Clouded Judgement 12.1.23 - Net New ARR Starts to Rebound + AWS ReInvent Recap
Every week I’ll provide updates on the latest trends in cloud software companies. Follow along to stay up to date!
This week Amazon had their annual AWS ReInvent conference. Couple takeaways for me:
2024 is shaping up to be the “prototype to production” year for AI. This year, there was tons of experimentation. There were also quite a few questions around cost and compliance. On the former - we’ll see a lot of these experiments translate to production facing apps in 2024. And on the latter - there will be more guardrails and structure in place to appease some of the compliance questions. On the cost piece - there were a number of folks who made statements like “we can’t roll out this chatbot / CoPilot to our entire user base becasue our costs would explode!”
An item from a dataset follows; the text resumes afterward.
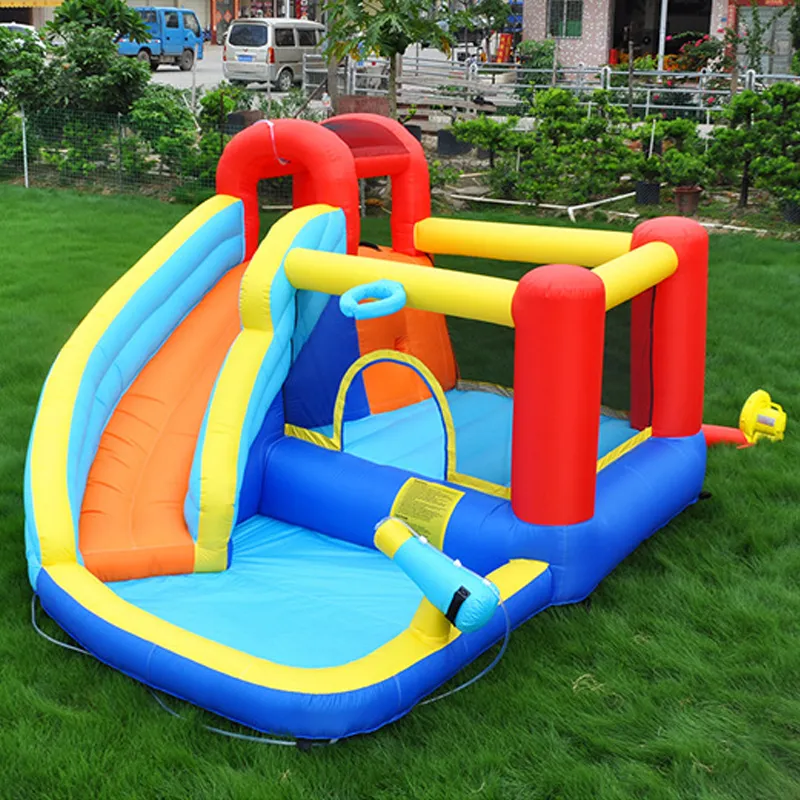 Castello Gonfiabile All'aperto Castello Per Salti D'acqua Parco Scivolo Per Bambini Parco Per Bambini Giocattoli Casa Di Rimbalzo con Ponticello Ventilatore Per Bambini Giochi Al Coperto All'aperto Divertenti Piccoli Regali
AWS fully embracing the breadth over depth approach. They want to offer up developers as many options as possible. When it comes to foundation models, outside vendors like Anthropic, AI21 Labs, Cohere, Meta Llama, Stability as well as Amazon’s Titan models are all available on Bedrock. Amazon was clear in their beliefs that there won’t be “one model to rule them all” and instead users will embrace choice. When it comes to vector search / support, they will make that available in all of their databases
Customizations are coming. General purpose GenAI tools dominate the market today, but the tooling layer is starting to emerge to allow enterprises to fine tune models to their specific data.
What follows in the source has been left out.